Confused about how to use .raw fields and not analyze string fields

mackenza · August 26, 2015, 12:51pm

I apologize if this is too newbie a question but I am struggling with setting up a terms visualization in Kibana 4 because the string field with the terms is analysed.

I am using logstash with the elasticsearch output to populate my index. In my searching around the web, my understanding is that the default logstash template for ES creates a multi-field for each string field where one of the fields is .raw. So somewhere in my index is the ability to use a not_analyzed version of my field. I think I get that.

What I am 100% struggling with is how to make that .raw field show up in my field list in Kibana? I have searched around for it and there are vague references to "make the .raw known to Kibana and refresh field list" but I can't for the life of me figure out how to do that. I have also seen references to creating a new template for Logstash to replace the default but there hasn't been enough detail for me to figure that out.

I am hoping someone with patience can help me out here? Thanks in advance.

tbragin · August 27, 2015, 5:11am

What Kibana version are you using?

Assuming it's Kibana 4, you won't see the raw values in "Settings >> Indices" and "Discover", but you should see them in metric selection of "Visualize" (see screenshot). The reason for that is that only Visualize deals with aggregations, where raw values matter.

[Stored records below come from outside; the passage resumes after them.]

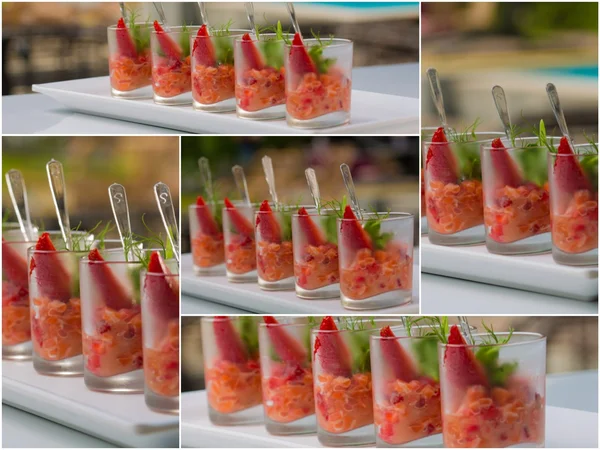 Fresh salad with shrimps, salmon, avocado and strawberries — Stock Photo, Image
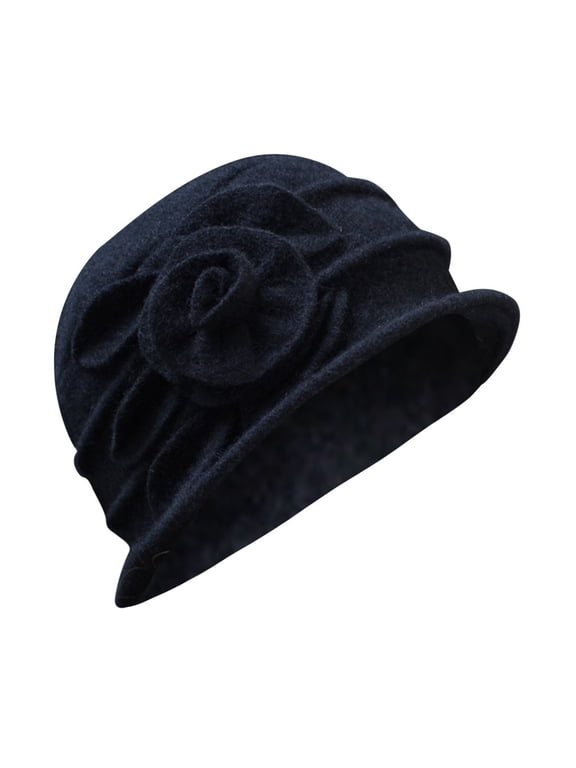 Cloche Hats for Women Elegant Bucket Women's Cloche Ladies Hat Cap Wool Winter Vintage Flower Caps Felt Hats for Women Black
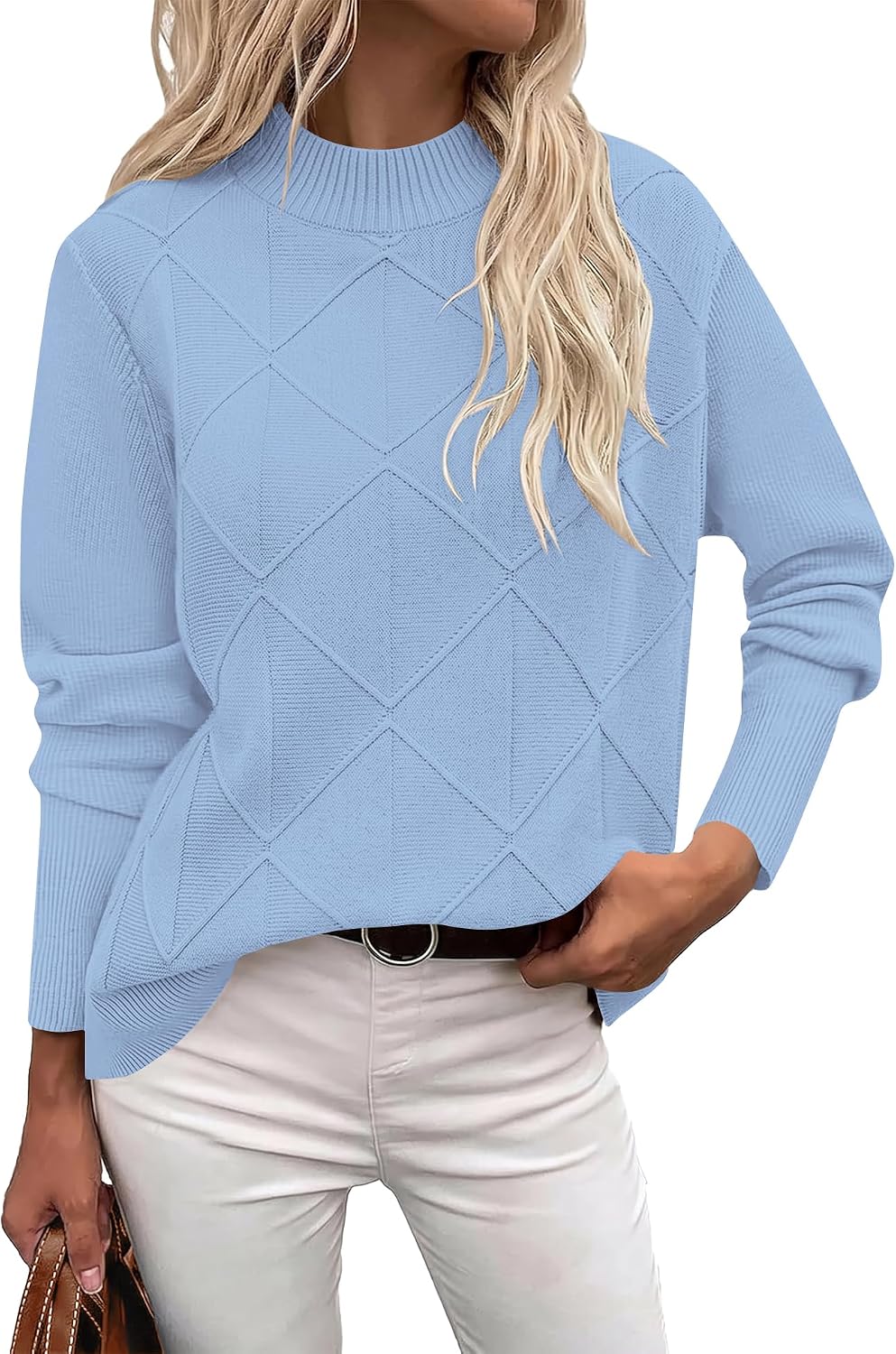 Womens Cable Knit Sweater Fall Mock-Neck Pullover Tops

If you don't see them there, I'd suggest the following:

Make sure you're using the default indexing template that comes with Logstash (you shouldn't have to modify it).
If you do have to re-index your data, refresh your mappings in Kibana (or delete and re-create the index pattern).

mackenza · August 27, 2015, 10:19am

Thank you for the reply. I don't see those raw fields as you show. I am
wondering if it's because my indices are not of the pattern logstash-*? I
will rename my indices and see.

Again tyvm

tbragin · August 27, 2015, 6:48pm

Index name shouldn't matter, to be honest.

mackenza · August 27, 2015, 7:01pm

It did... turns out the default elasticsearch template in Logstash has a
filter on it of logstash-*. When I changed the index names, all was good
and I can see the .raw fields now.

Thanks for your help!

tbragin · August 28, 2015, 3:49am

Cool! That makes sense. Thanks for the update

jerrac · October 23, 2015, 6:06pm

I have a similar issue. Did you change the default index patter in the Kibana 4 settings to logstash-*? Or did you change something in the template the logstash uses when it sends data to elasticsearch?

mackenza · October 23, 2015, 6:37pm

@jerrac I had to name my indices to be name logstash-*. This means I had to change my Logstash config to output to indices with that name pattern... so where I had events in my Elasticsearch output index, I had to change it to logstash-events. Kibana can only register indices that exist so just changing Kibana isn't enough.

The reason for this is because the default template that ships with Logstash only adds the raw fields to indices that match the pattern logstash-*. You could change your default template to match all indices... but that is much harder than just renaming them to match

jerrac · October 23, 2015, 7:04pm

Hmm... All my indices are already named logstash-YYY-MM-DD.

I do have some .raw fields. So maybe this isn't my problem. Thanks for the reply.

mackenza · October 23, 2015, 7:44pm

I see. Specifically my problem was I did not see any fieldname.raw fields in Kibana. This was a direct result of not naming my indices with the logstash-* pattern. As soon as I renamed them and rebuilt them in ElasticSearch, I was fine.

jerrac · October 24, 2015, 12:10am

Heh. Well, it was user error on my part . I needed to refresh my window...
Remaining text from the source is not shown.